Segment Start: EXTRACTED MATERIAL
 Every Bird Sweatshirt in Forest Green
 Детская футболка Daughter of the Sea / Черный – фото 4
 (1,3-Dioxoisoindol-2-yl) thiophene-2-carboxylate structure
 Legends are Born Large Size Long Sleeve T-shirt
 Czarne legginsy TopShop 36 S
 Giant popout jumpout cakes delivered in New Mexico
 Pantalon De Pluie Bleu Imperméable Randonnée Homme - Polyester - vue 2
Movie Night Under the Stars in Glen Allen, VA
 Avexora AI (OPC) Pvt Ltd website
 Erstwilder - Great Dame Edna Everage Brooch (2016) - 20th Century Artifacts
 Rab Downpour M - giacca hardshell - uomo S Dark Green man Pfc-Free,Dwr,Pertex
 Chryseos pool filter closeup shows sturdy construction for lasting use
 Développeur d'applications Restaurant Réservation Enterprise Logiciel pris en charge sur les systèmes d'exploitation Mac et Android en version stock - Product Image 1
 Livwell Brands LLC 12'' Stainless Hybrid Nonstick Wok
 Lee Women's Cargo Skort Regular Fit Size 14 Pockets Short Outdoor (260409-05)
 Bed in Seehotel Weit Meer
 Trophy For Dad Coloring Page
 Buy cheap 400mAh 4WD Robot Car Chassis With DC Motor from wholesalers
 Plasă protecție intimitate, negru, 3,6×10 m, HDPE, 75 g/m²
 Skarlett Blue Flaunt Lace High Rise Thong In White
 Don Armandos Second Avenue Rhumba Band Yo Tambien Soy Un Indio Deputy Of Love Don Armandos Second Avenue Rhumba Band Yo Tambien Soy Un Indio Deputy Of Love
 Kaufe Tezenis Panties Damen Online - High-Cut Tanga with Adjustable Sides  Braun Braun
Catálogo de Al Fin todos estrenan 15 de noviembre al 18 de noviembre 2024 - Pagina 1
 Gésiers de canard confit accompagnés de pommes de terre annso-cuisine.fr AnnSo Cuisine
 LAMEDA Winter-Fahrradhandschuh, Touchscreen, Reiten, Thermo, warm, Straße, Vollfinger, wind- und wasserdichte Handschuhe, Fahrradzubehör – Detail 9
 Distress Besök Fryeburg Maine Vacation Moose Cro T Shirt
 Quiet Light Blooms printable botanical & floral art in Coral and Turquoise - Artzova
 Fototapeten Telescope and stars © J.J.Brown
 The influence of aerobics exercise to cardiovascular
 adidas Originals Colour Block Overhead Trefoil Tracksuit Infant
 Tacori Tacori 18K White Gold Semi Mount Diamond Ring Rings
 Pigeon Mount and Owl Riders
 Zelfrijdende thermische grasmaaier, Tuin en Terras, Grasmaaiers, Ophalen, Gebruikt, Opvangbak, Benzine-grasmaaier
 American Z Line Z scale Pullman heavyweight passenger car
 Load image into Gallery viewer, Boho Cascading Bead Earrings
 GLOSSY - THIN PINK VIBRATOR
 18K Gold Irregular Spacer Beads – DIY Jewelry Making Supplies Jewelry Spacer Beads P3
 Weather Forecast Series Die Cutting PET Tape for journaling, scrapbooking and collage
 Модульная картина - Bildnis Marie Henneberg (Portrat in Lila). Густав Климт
Segment End: EXTRACTED MATERIAL
* EXERCISE PROMPT
Every line above from the line with "Rab Downpour M" to the line with "Distress Besök Fryeburg" is wanted, ends included; write them out exactly and add no other line.

* ANSWER SPACE
 Rab Downpour M - giacca hardshell - uomo S Dark Green man Pfc-Free,Dwr,Pertex
 Chryseos pool filter closeup shows sturdy construction for lasting use
 Développeur d'applications Restaurant Réservation Enterprise Logiciel pris en charge sur les systèmes d'exploitation Mac et Android en version stock - Product Image 1
 Livwell Brands LLC 12'' Stainless Hybrid Nonstick Wok
 Lee Women's Cargo Skort Regular Fit Size 14 Pockets Short Outdoor (260409-05)
 Bed in Seehotel Weit Meer
 Trophy For Dad Coloring Page
 Buy cheap 400mAh 4WD Robot Car Chassis With DC Motor from wholesalers
 Plasă protecție intimitate, negru, 3,6×10 m, HDPE, 75 g/m²
 Skarlett Blue Flaunt Lace High Rise Thong In White
 Don Armandos Second Avenue Rhumba Band Yo Tambien Soy Un Indio Deputy Of Love Don Armandos Second Avenue Rhumba Band Yo Tambien Soy Un Indio Deputy Of Love
 Kaufe Tezenis Panties Damen Online - High-Cut Tanga with Adjustable Sides  Braun Braun
Catálogo de Al Fin todos estrenan 15 de noviembre al 18 de noviembre 2024 - Pagina 1
 Gésiers de canard confit accompagnés de pommes de terre annso-cuisine.fr AnnSo Cuisine
 LAMEDA Winter-Fahrradhandschuh, Touchscreen, Reiten, Thermo, warm, Straße, Vollfinger, wind- und wasserdichte Handschuhe, Fahrradzubehör – Detail 9
 Distress Besök Fryeburg Maine Vacation Moose Cro T Shirt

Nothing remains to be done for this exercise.